> [WORK TO COMPLETE]: All of the entries below need repeating exactly, apart from their images.

══════════════════════════════

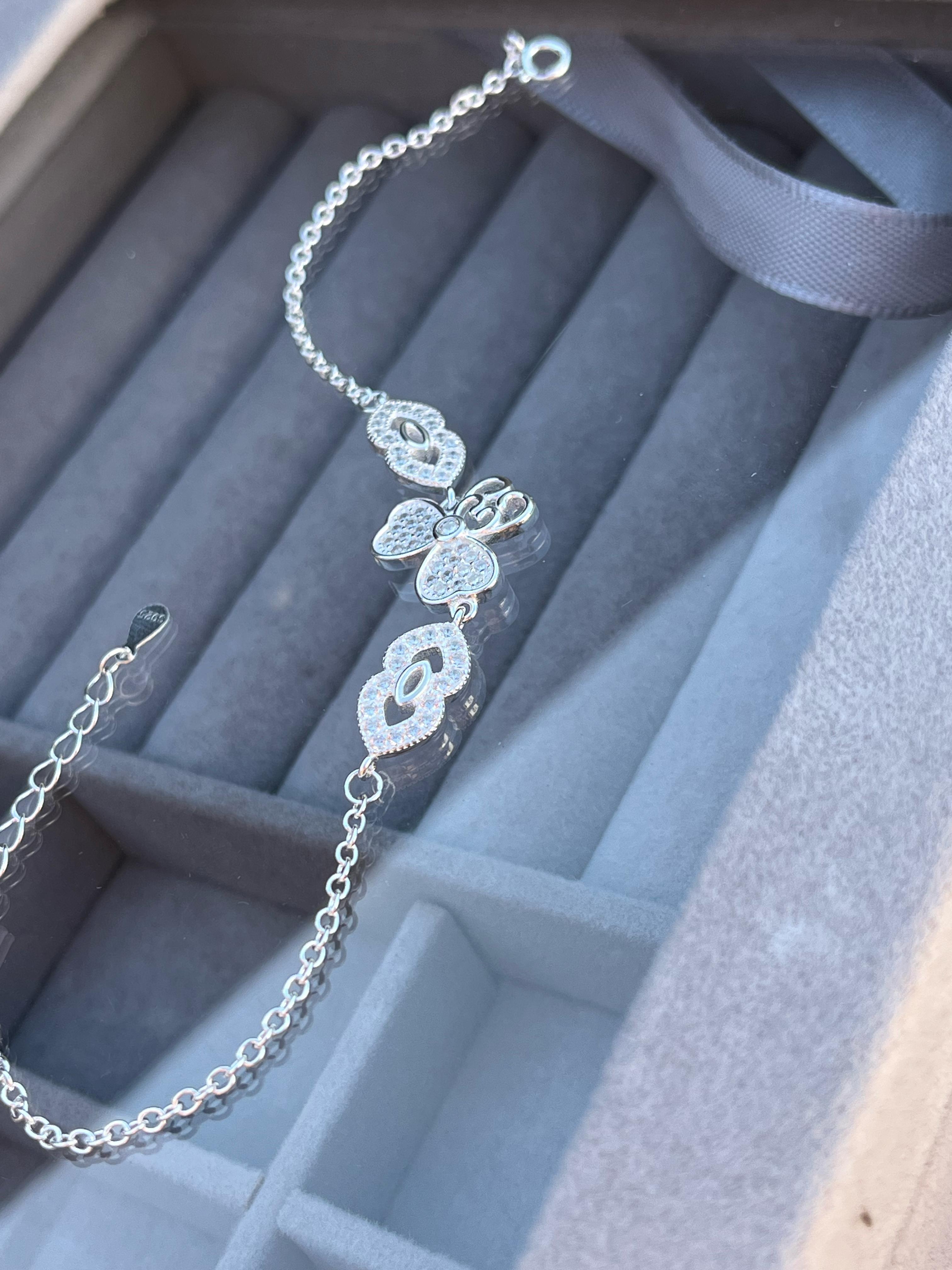 Pulsera tenis con dije trebol de cuatro hojas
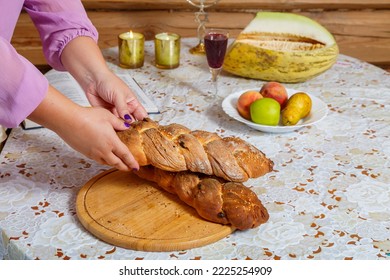 The Hands Of A Jewish Woman Break The Challah After The Blessing During The Shabbat Meal Next To Burning Candles And A Glass Of Wine. Horizontal Photo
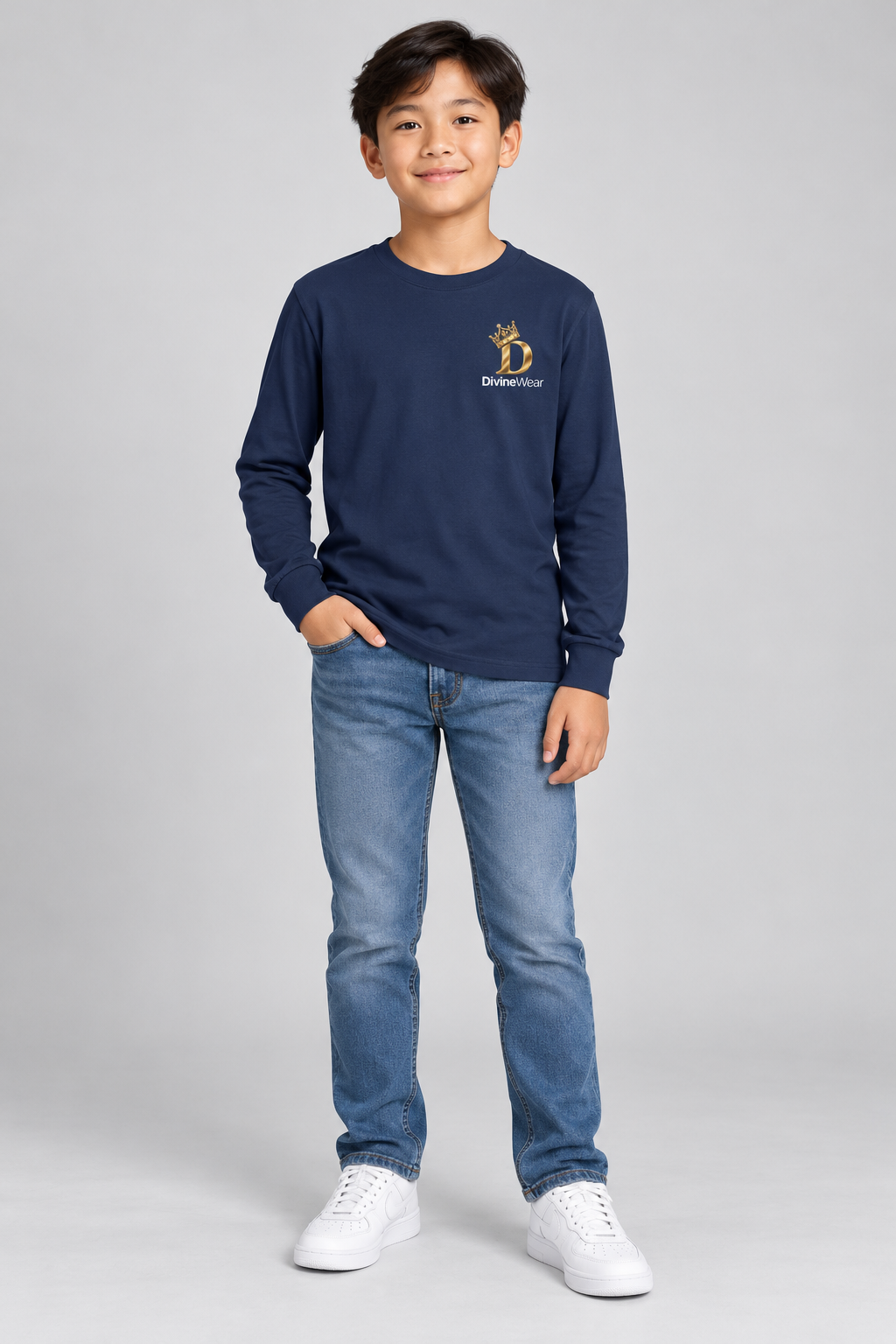 Asian American youth model wearing the navy DivineWear crown long sleeve tee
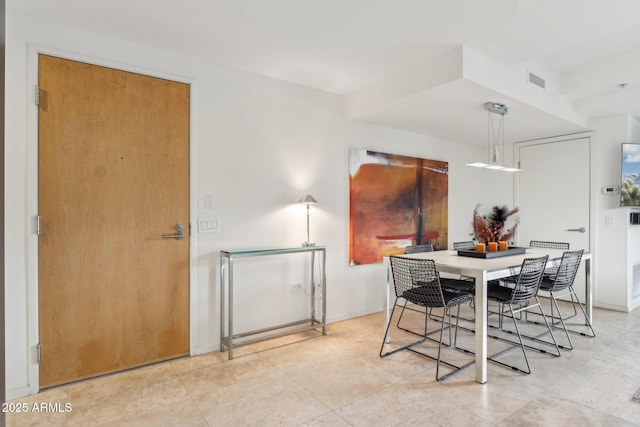 dining space with baseboards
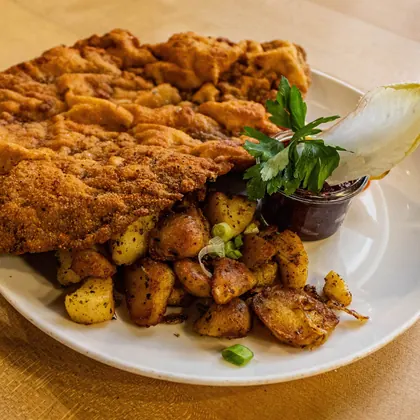 Paniertes Schnitzel mit Bratkartoffeln und Zitrone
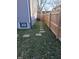 Side yard featuring stepping stones along a wooden fence, with a view of gray siding and a small window at 2828 Robson St, Indianapolis, IN 46201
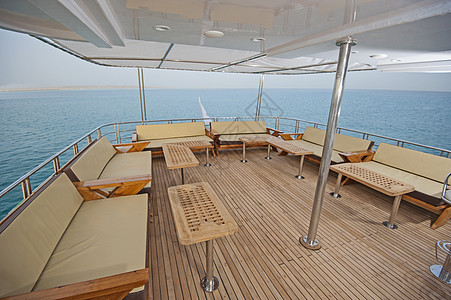 豪华汽车游艇甲板上的桌椅家具柚木桌子热带蓝色巡航栏杆海景地平线沙发图片
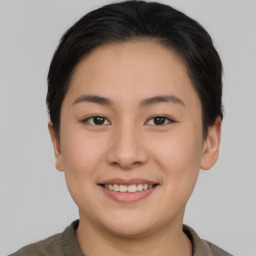 Joyful asian young-adult female with short  brown hair and brown eyes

══════════════════════════════

> [ANSWER FOR THE TASK]:
 Pulsera tenis con dije trebol de cuatro hojas
 The Hands Of A Jewish Woman Break The Challah After The Blessing During The Shabbat Meal Next To Burning Candles And A Glass Of Wine. Horizontal Photo
 Asian American youth model wearing the navy DivineWear crown long sleeve tee
 dining space with baseboards
 Paniertes Schnitzel mit Bratkartoffeln und Zitrone
 Side yard featuring stepping stones along a wooden fence, with a view of gray siding and a small window at 2828 Robson St, Indianapolis, IN 46201
 豪华汽车游艇甲板上的桌椅家具柚木桌子热带蓝色巡航栏杆海景地平线沙发图片
 Joyful asian young-adult female with short  brown hair and brown eyes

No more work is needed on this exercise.